The exhibition also examines other, subtler forms of loss. Always Had Me Under Your Spell (Some Things Ain’t Meant To Stay the Same) depicts the park adjacent to the artist’s former Brooklyn apartment, where he would frequently take breaks from painting to watch the setting sun. The work gestures both to the artist’s nostalgic associations with place and to his own experiences of calm and self-reflection in nature. Indeed, in Niles’s work, the natural landscape is also a landscape of memory and feeling. A still life, I Don’t Keep Liquor Here (I Been Learning How To Do It All the Hard Way), likewise explores connections between self and place. A countertop reveals traces of daily life, featuring objects such as bags of snacks sealed with clips, packages of wipes, a pair of oven mitts, and the work gestures to the artist’s own experiences of sobriety primarily by way of omission. For Niles, still lives can function akin to portraits, suggesting both the presence and absence of a space’s inhabitants and capturing the traces of themselves that they leave behind in their environments.
The London exhibition also includes new drawings, a medium to which Niles has recently returned. While the artist had not produced drawings outside his sketchbook since college, he revisited the medium over the past year, borrowing from his approaches to painting to reinvigorate his engagement with drawing. Across his drawings, Niles often allows for the surface of the paper to remain partly visible, and the artist strategically uses negative space, allowing room for absence as he endows his subjects with powerful presence.
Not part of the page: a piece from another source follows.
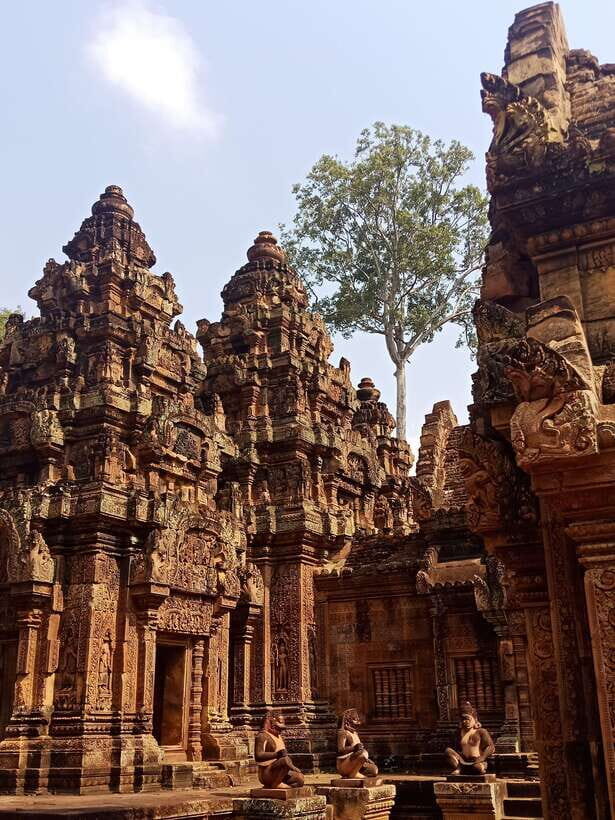 Siem Reap Private Tour: Angkor Wat Sunrise And Banteay Srei - Banteay Srei: when the carvings do the talking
For Niles, capturing the specificity of experience–with both text and image–is a way of making it more vivid and communicable to others. Here, and across his practice, the artist creates complex, highly evocative titles for his works. Niles works associatively, and image and text emerge simultaneously in his work, with each informing the other. Yet, Niles’s works are never merely explanatory or didactic, and with his poetic, carefully crafted titles, Niles poses additional prompts and channels of engagement to his viewers.
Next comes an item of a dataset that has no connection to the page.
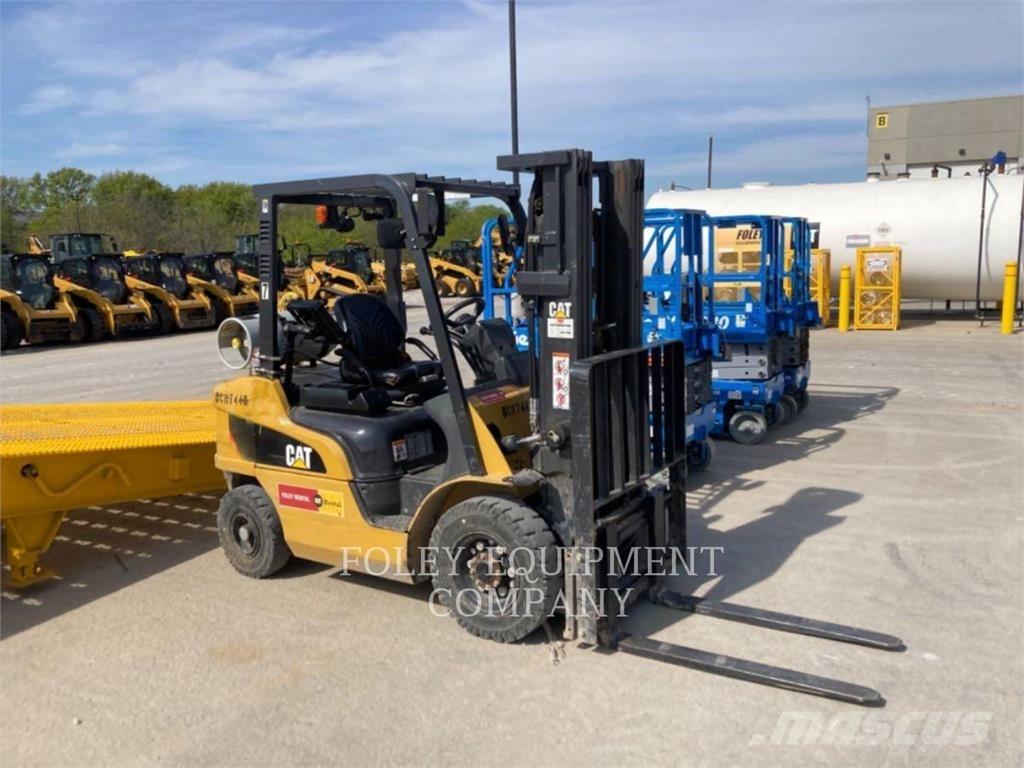 CAT GP25N حفارات هدم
While often somber and still in mood and content, the works in You Know I Used to Love You… are emphatically vibrant in color. The artist first began experimenting with non-traditional color palettes and techniques in part because of the frustration he felt as he attempted to depict the deep reds and purples and golden tones he saw in his own skin. He found that forgoing traditional painting techniques and introducing vibrant colors he loved allowed for a rich representation of darker skin. With his fluorescent figures, Niles offers an authentic, alternative mode for representing contemporary life. Even as he dispenses with a naturalistic color palette, Niles allows his figures’ subjectivities to remain powerfully legible, and he uniquely grants his subjects visibility. With a color palette guided by expressivity rather than adherence to naturalism, Niles rejects overdetermined modes of representation and lends additional depth and complexity to subjectivity and experience. “When I let naturalism go,” the artist stated, “the works ended up feeling more real to me.”